ガソリン価格が159円70銭に下落 4年3カ月ぶりの安値で広がる安堵

2025年12月17日、経済産業省が発表した調査によると、12月15日時点のレギュラーガソリンの全国平均小売価格は1リットル当たり159円70銭となった。前週から4円の値下がりで、これは2021年9月以来、実に4年3カ月ぶりの安値水準である。

生活者にとっての「実感できる値下げ」

ここ数年、ガソリン価格は原油価格の高騰や円安の影響を受け、170円台後半から180円台に達することも珍しくなかった。そうした中で、150円台への回復は、車を日常的に利用する家庭や地方在住者にとって、家計負担の軽減を実感しやすい変化と言える。

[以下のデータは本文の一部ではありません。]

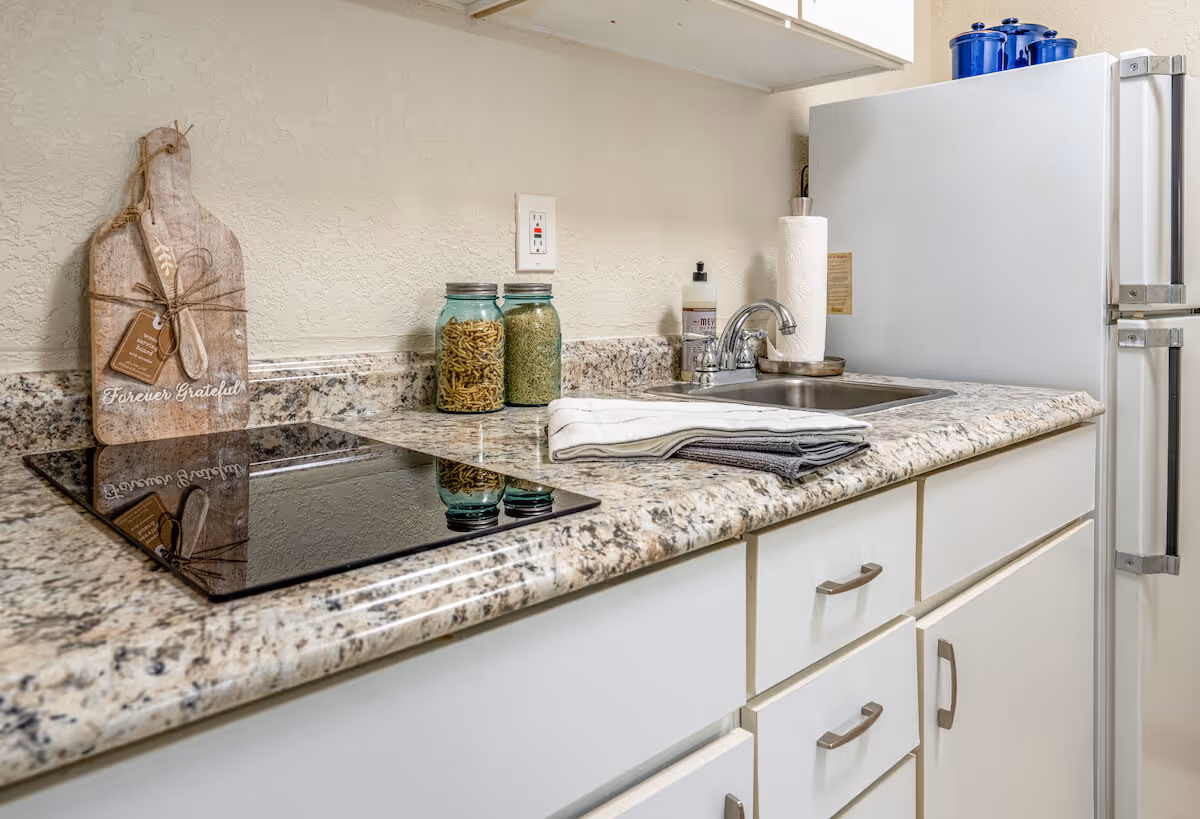 A clean kitchen countertop with a built-in electric stovetop, two glass jars filled with pasta and grains, a wooden cutting board with the words 'Forever Grateful', a sink with a faucet, paper towels, hand soap, and a white refrigerator in the background.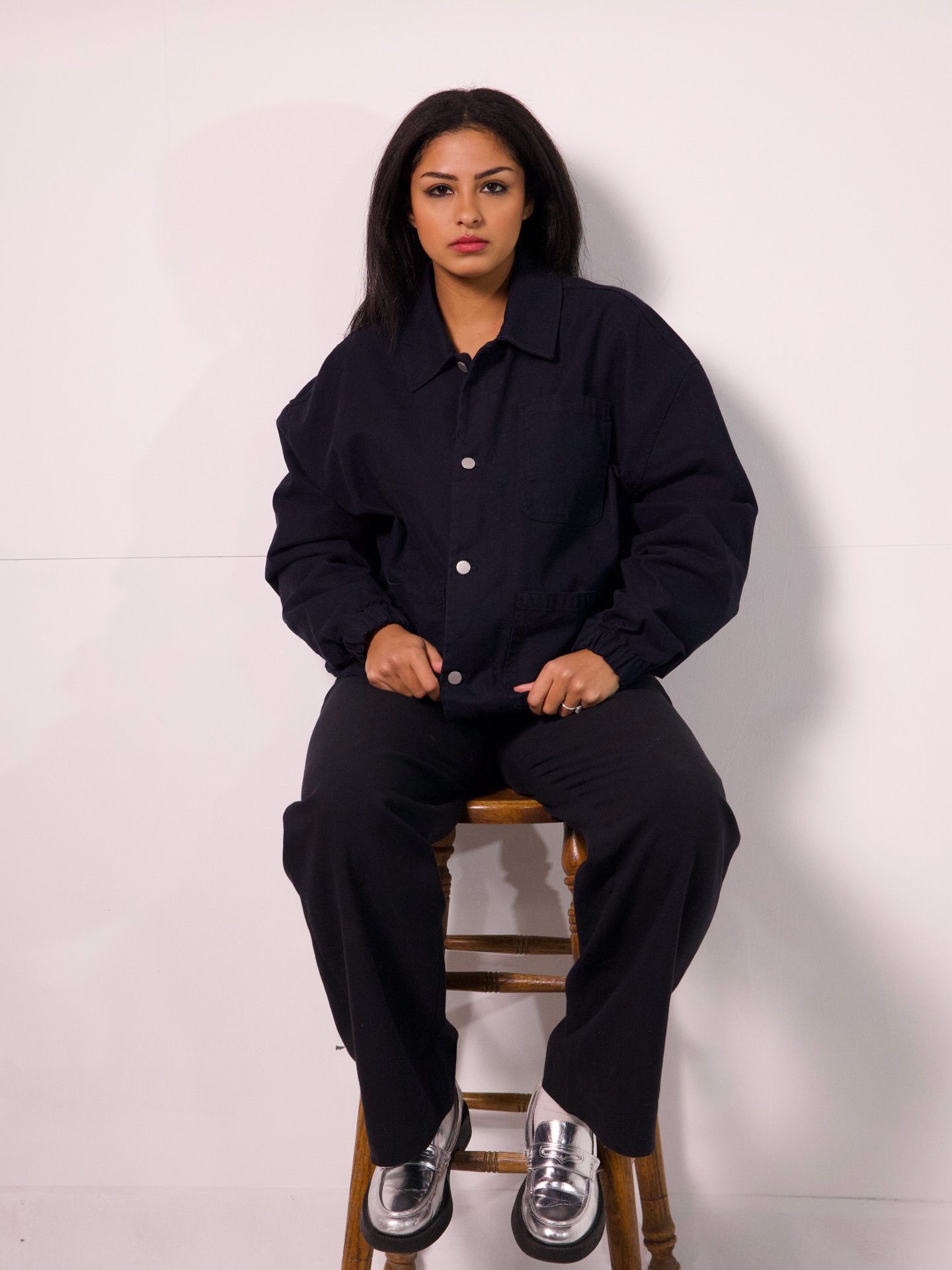 Noelani seated on a wooden stool in a black jacket and trousers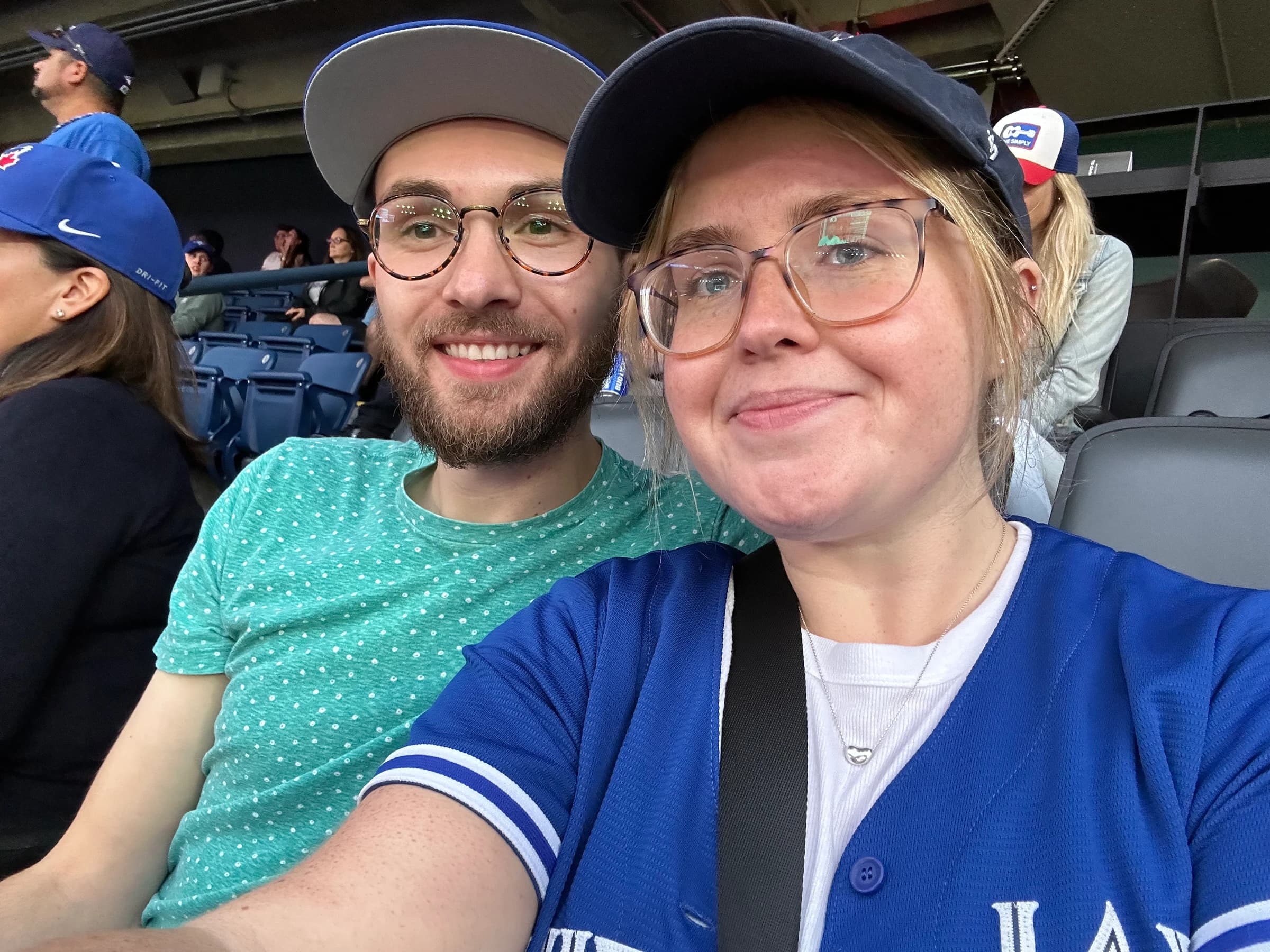 Rachel in a Blue Jays jersey with Reid in the stands at the Rogers Centre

特に通勤や業務で自動車が欠かせない層にとって、月単位で見れば数千円規模の差が生じる可能性があり、年末年始の移動が増える時期と重なった点も注目される。

背景にある要因

今回の価格下落の背景には、

  • 国際的な原油価格の落ち着き
  • 為替相場の安定
  • 政府による燃料価格抑制策の効果

といった複数の要因が重なっていると考えられる。特に、原油市場では需給の逼迫感が一時期より後退しており、それが国内価格にも反映された形だ。

今後も下がり続けるのか

もっとも、ガソリン価格は国際情勢や為替動向に大きく左右される。中東情勢の不安定化や急激な円安が進めば、再び上昇に転じる可能性も否定できない。今回の159円台は「一時的な安値」である可能性もあり、楽観は禁物だろう。

エネルギーと暮らしを見直す契機に

ガソリン価格の下落は歓迎すべきニュースである一方、長期的には脱炭素の流れやEV(電気自動車)の普及が進んでいくことは確実だ。価格が下がった今だからこそ、燃料費を前提とした生活や移動手段を改めて見直す機会と捉えることもできる。

久しぶりの160円を切る水準。この数字を単なる「安い・高い」で終わらせず、エネルギーと私たちの暮らしの関係を考えるきっかけにしたい。